SDF-Net: Structure-Aware Disentangled Feature Learning for Optical–SAR Ship Re-Identification¶

Conference: CVPR2025
arXiv: 2603.12588
Code: GitHub
Area: Cross-Modal Retrieval / Remote Sensing
Keywords: Optical-SAR, Ship Re-identification, Structure Consistency, Feature Disentanglement, Gradient Energy

TL;DR¶

SDF-Net is proposed, which leverages the physical prior of ships as rigid bodies. It extracts scale-invariant gradient energy statistics in intermediate ViT layers as cross-modal geometric anchors. In the terminal layer, features are disentangled into modal-invariant shared features and modal-specific features, which are then fused via additive residuality, achieving state-of-the-art (SOTA) performance in optical-SAR ship re-identification.

Background & Motivation¶

Task Definition: Cross-modal ship re-identification (ReID) aims to associate the same ship identity across optical and SAR images, which is a core task in maritime surveillance.

Key Challenge: Severe non-linear radiation distortion (NRD) exists between optical (passive reflection) and SAR (active microwave scattering) modalities. Since the texture appearance is highly modality-dependent, direct appearance alignment is unreliable.
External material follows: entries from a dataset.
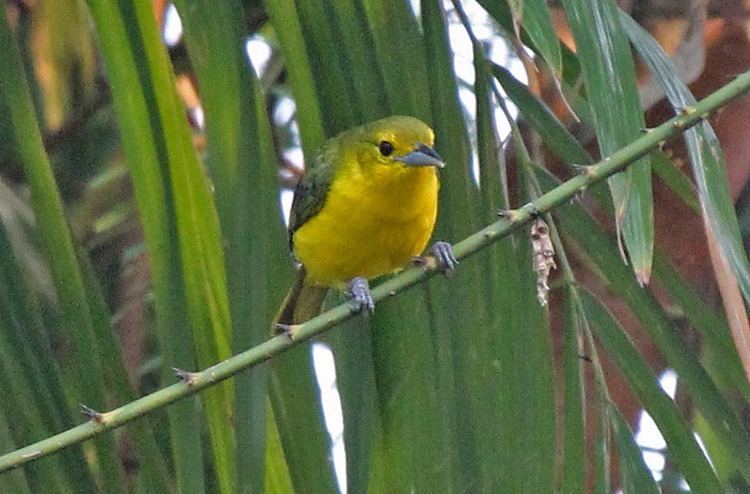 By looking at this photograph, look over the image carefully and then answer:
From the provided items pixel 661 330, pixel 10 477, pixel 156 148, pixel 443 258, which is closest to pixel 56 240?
pixel 156 148

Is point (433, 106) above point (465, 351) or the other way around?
above

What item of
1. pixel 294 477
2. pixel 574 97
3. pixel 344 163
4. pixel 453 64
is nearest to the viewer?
pixel 294 477

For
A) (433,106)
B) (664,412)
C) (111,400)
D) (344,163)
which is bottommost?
(664,412)

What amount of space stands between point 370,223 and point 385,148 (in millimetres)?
118

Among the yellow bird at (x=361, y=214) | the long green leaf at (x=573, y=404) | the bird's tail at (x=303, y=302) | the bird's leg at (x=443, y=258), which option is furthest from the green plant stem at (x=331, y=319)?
the bird's tail at (x=303, y=302)

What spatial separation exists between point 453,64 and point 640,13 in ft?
3.39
Limitations of Prior Work: - Methods based on statistical distribution alignment lack the utilization of physical priors. - Generative methods (e.g., CycleGAN) are computationally expensive and may introduce hallucinated artifacts. - Pedestrian ReID methods (e.g., Hi-CMD, DEEN) are designed for non-rigid body deformations and are unsuitable for rigid ships.

Key Insight: Ships are rigid bodies whose geometric structures (contours, aspect ratios, space layouts) remain stable across modalities, whereas textures are modality-dependent. Intermediate layers of network representations abstract away low-level noise while retaining spatial topology, making them the optimal position to extract structural information.

Method¶

Overall Architecture (Based on ViT-B/16)¶

(a) Input Stage: Cross-Modal Dual-Head Tokenizer - Optical and SAR images are mapped to a unified \(C\)-dimensional space via independent linear projection heads. - Design Motivation: To neutralize low-level sensor discrepancies, preventing the shared self-attention from being dominated by modality-specific intensity biases.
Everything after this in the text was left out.